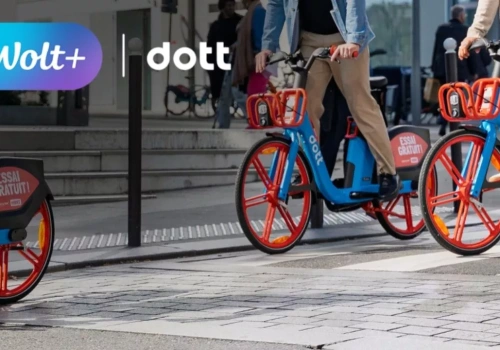 Wolt łączy siły z Dott. W ofercie m.in. darmowe przejazdy e-hulajnogami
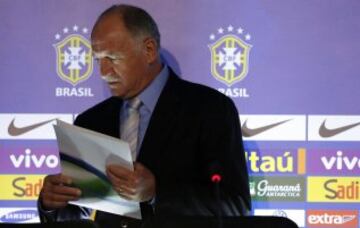 Protestas durante la rueda de prensa de Scolari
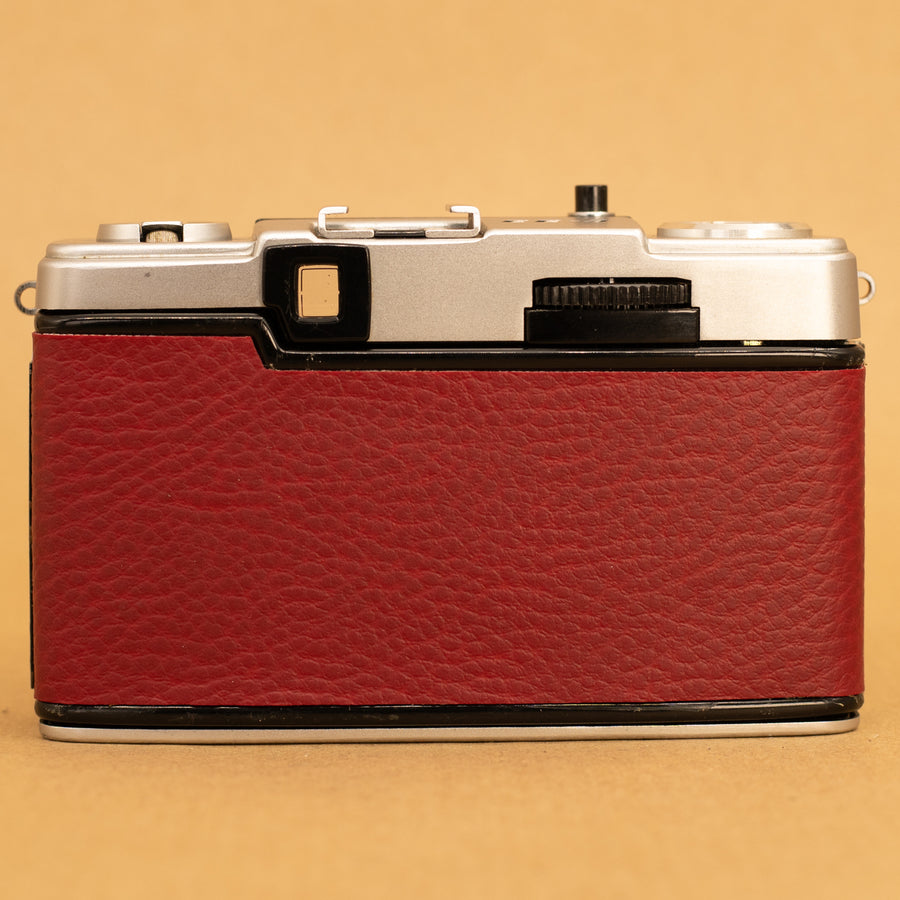 Olympus Pen EE-3 in Burgundy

About this exercise: Since the pictures are not wanted, transcribe the rest of the listing above exactly.

Written response:
 Wolt łączy siły z Dott. W ofercie m.in. darmowe przejazdy e-hulajnogami
 Protestas durante la rueda de prensa de Scolari
 Olympus Pen EE-3 in Burgundy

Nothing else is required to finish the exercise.